Allen Yang

Posted on Feb 6

Precise Text and Tabular Data Extraction from PDFs in Python

#python

In today’s digital world, PDF (Portable Document Format) has become one of the most widely used file formats. Whether it’s reports, contracts, invoices, or academic papers, PDFs store vast amounts of information. However, when we need to extract text from these documents for data analysis, automation, or information retrieval, manually copying and pasting is both tedious and inefficient.

Fortunately, Python offers an elegant solution thanks to its powerful ecosystem and extensive library support. This article explores how to efficiently and accurately extract text from PDF documents using Spire.PDF for Python, helping you streamline workflows and enhance data processing automation.

Why Choose Python for PDF Text Extraction?

Python has earned a strong reputation in data processing and automation, offering several key advantages:

Rich ecosystem: A wide range of libraries is available for handling different data formats, including powerful PDF tools.
Easy to learn and use: Its clear and concise syntax allows even beginners to quickly start writing scripts.
Strong automation capabilities: Python integrates seamlessly into automated workflows, making batch processing straightforward.
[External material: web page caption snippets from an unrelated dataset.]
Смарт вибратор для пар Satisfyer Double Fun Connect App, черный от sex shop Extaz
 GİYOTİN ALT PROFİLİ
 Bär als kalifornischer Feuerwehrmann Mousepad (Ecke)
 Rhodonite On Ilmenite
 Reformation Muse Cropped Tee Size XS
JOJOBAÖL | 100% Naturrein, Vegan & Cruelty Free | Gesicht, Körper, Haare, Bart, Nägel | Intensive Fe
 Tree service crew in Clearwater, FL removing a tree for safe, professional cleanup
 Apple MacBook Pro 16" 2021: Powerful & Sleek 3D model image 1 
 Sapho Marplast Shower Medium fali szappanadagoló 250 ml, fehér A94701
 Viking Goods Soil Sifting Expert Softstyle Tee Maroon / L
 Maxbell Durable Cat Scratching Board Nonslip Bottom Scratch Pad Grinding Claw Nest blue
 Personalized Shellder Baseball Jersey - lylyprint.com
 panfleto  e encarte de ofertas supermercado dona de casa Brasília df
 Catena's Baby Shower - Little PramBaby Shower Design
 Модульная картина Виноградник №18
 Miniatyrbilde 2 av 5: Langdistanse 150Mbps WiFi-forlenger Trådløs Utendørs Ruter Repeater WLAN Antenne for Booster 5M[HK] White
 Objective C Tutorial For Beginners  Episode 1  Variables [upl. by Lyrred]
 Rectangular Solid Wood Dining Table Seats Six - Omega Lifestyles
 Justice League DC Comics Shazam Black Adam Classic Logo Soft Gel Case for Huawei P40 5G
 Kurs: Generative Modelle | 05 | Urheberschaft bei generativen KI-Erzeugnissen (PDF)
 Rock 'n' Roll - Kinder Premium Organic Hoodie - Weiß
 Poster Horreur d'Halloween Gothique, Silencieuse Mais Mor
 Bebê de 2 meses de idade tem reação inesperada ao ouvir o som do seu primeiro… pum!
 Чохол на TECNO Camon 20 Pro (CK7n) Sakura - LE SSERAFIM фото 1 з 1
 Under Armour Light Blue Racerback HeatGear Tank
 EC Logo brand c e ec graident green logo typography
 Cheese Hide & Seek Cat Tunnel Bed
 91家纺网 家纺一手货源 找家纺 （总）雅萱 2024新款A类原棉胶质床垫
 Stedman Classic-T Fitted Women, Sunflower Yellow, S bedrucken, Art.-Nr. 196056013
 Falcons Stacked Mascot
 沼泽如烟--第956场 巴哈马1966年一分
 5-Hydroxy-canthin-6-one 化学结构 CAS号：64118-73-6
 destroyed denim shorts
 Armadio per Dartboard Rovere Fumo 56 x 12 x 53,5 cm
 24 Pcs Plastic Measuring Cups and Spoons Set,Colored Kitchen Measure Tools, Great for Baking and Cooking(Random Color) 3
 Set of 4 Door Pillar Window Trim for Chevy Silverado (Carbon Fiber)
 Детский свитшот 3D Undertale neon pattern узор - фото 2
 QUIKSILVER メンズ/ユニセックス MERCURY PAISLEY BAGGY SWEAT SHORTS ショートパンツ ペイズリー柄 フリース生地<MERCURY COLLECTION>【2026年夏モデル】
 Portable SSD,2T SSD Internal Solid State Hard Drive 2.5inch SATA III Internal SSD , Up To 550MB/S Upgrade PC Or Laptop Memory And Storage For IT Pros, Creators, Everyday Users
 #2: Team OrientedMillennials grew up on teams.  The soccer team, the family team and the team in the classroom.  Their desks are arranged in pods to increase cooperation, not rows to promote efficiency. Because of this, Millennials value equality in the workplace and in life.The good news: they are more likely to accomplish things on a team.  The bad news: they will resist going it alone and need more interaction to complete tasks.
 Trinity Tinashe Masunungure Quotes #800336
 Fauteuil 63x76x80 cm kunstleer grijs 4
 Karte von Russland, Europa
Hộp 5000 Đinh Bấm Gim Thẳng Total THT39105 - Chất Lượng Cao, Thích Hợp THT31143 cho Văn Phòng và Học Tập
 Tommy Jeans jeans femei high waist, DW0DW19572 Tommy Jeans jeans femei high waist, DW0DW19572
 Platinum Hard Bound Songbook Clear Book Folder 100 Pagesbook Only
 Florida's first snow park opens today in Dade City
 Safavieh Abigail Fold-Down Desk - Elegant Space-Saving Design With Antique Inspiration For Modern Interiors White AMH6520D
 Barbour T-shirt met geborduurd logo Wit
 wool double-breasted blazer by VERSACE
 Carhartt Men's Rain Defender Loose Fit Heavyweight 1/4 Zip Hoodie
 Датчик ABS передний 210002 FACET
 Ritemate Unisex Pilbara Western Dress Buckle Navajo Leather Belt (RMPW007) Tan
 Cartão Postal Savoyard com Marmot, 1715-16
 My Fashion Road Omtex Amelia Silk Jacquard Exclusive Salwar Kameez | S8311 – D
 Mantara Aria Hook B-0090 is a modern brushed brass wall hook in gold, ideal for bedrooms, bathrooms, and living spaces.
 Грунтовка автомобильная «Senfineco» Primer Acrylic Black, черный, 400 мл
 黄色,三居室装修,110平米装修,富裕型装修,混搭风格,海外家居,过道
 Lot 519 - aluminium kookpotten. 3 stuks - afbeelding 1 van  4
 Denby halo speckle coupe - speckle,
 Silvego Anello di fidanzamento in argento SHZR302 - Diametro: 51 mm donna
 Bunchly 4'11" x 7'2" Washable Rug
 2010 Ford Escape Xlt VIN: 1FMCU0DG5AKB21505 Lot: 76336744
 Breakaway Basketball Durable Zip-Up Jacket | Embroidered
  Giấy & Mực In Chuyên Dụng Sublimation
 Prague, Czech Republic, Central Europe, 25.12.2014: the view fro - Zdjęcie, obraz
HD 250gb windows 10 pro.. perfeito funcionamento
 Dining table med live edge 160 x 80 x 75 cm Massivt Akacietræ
Compared to traditional manual extraction, Python scripts can complete tasks with remarkable speed and consistency—especially when dealing with large volumes of PDF files.

Introducing Spire.PDF for Python

Spire.PDF for Python is a powerful and professional library designed for creating, editing, converting, and parsing PDF documents. When it comes to text extraction, it offers several notable benefits:

High-accuracy text extraction: Precisely identifies and extracts text, even from documents with complex layouts and fonts.
Support for multiple PDF types: Handles both native PDFs and scanned PDFs (via built-in OCR).
Flexible API: Provides intuitive and easy-to-use interfaces for developers.
Handles complex layouts: Maintains logical reading order for multi-column documents, tables, and mixed text-image layouts.
Multilingual support: Capable of processing documents containing multiple languages.

Installation Guide

Before getting started, ensure that Spire.PDF for Python is installed. If not, you can install it easily using pip:

pip install Spire.Pdf

Basic Text Extraction: Retrieve Text from a PDF Document

Extract Text from an Entire PDF

A common requirement is extracting all text from a PDF document. Spire.PDF for Python provides a straightforward method to accomplish this.

from spire.pdf import *
from spire.pdf.common import *

def extract_full_text(pdf_path, output_txt_path):
    """
    Extract all text from a PDF document and save it to a TXT file.
    """
    # Create a PdfDocument object
    doc = PdfDocument()

    # Load the PDF file
    doc.LoadFromFile(pdf_path)

    # Store text from all pages
    full_text = ""

    # Iterate through each page in the PDF
    for i in range(doc.Pages.Count):
        page = doc.Pages.get_Item(i)

        # Create a PdfTextExtractor object
        text_extractor = PdfTextExtractor(page)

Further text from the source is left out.